The new way is already old

Some may be thinking that the emerging semantic web may be “just a new representation of data” (RDF, OWL, etc..)  But I think it’s a lot more. It’s also, and possibly more importantly a representation of data where none has existed before.  I think we sometimes need to be careful not to loose sight of the obvious., especially in academic discussions. (which often fling the obvious far into the weeds.) That being; that vast multitudes of information are pouring on to the web every day and every minute in a form which is unstructured, difficult to reuse, discover, and make sense of.

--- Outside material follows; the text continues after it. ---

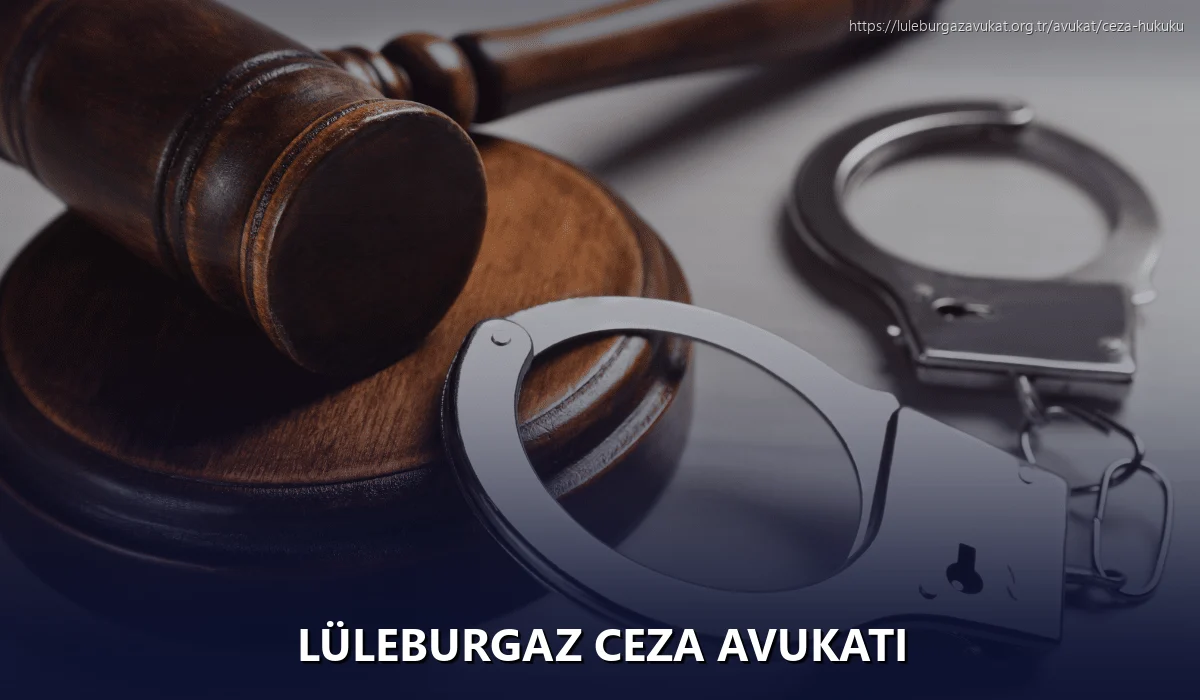 Lüleburgaz Ceza Avukatı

Ok so as I understand it the real value of the emerging semantic web (once fully realized) will be the new ability to share, harvest, read, process, and “reason over” the world’s published knowledge programmatically.  The alternative is, well, rather disconcerting, How many monkeys can you muster to sit and read the web and make sense of it to get what you need today? Not many I’ll suggest, monkeys are not cheep and they eat a lot. And yet that is just what businesses are doing today. The number of “knowledge workers” in the modern business office place goes up and up each year. Where do all these people get their information in the “information age”. The answer:  First scan the web, maybe pick up the phone. Honestly think about, when you need an answer where does your hand go first? The door knob? The phone? Or the Mouse?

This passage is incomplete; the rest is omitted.